SLIPPERY 4L advertises Shani Strand's position as bluntly as a custom license plate or tattoo. But very little about her work is straightforward. She has stated her interest in the sociological concepts of "badness" and ungovernability as they relate to Black diasporic communities, and more specifically, the Jamaican diaspora. SLIPPERY 4L is concerned with the porousness and fluidity of borders, and what Strand has called "an uncertainty of place, an instability of geography." Borders, she notes, are intended to maintain the illusion of a place’s stability, its social, legal and economic sovereignty, and thus to make it governable. As communities in diaspora make clear, such fixity is not only illusory but impossible.
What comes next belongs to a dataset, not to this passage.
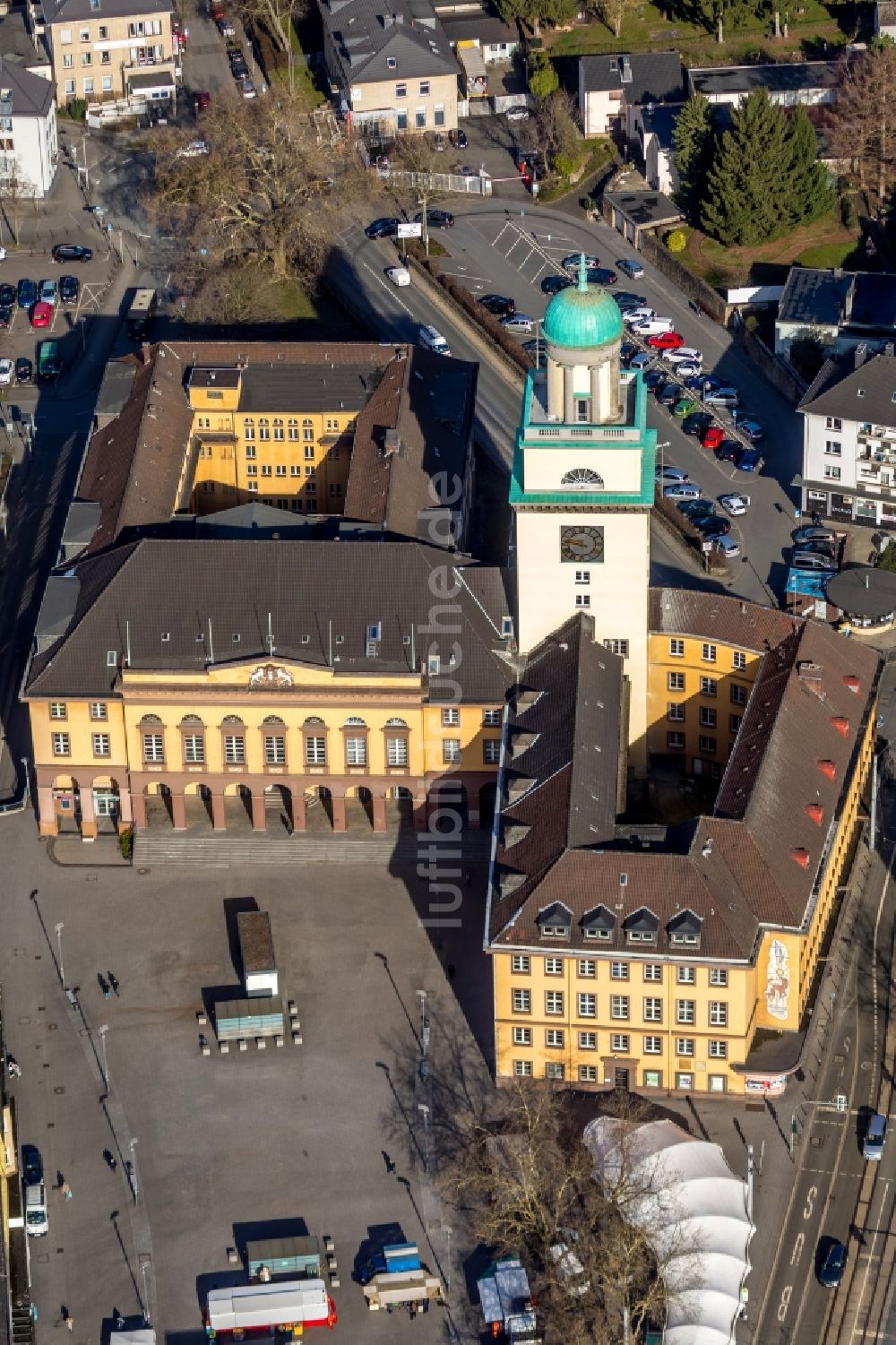 Luftbild Witten - Gebäude der Stadtverwaltung - Wittener Rathaus am Rathausplatz in Witten im Bundesland Nordrhein-Westfalen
"To be ungovernable, or to be bad," Strand has written, "poses a threat to the reproduction of normativity." She observes that, historically, "badness" was often construed as an affiliation of Black people with demonism, as a way of morally justifying the violence of slavery and colonial oppression. In SLIPPERY 4L, angels and demons recur, as does the traditional Caribbean ghost figure of the duppy and the trickster spider Anansi. Strand has often depicted the duppy as a head in a ski-mask, a hybrid of a Halloween ghost and a masked "badman." As theorists such as Obika Gray have written, since the 1970s a "stylized outlawry" has proliferated among disadvantaged groups in Jamaica–and throughout the diaspora–as a means of "challenging the norm of civility and for affirming a racially charged defiance as a new basis for social identity and honor." Strand’s duppies are both victims and antagonists, therefore; transgressive and honorable, living and dead. Slippery characters indeed.
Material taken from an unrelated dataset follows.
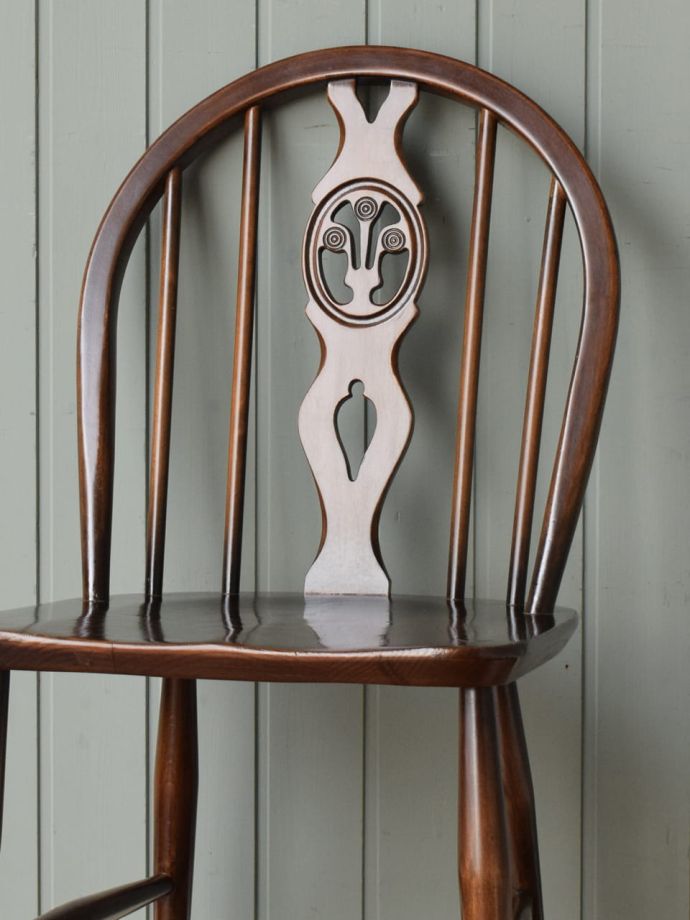 シスルバックチェアの背もたれ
Slippery too is Anansi, the spider who is known for his cunning and wit, the mischievous antagonist who became a symbol of resistance and survival among enslaved communities. Anansi's web appears in Strand's sculpture 'Cuz it Feels Good, rendered in the metal rebar grill within a painted table. The web, here, is a trap but also a support structure, a home; the artist notes how nationalism and citizenship "are a form of entrapment," a status that attracts and then ensnares its subjects in a system of exploitation and subjugation, enforced by borders. Another rebar work in this exhibition, An Over Representation of Sovereignty, is a functional ladder leant against a wall: an escape strategy from the architectural, aesthetic or philosophical boundaries of the gallery. It offers no real escape, of course. On the other side of the wall is only another part of the gallery, another side of the same coin.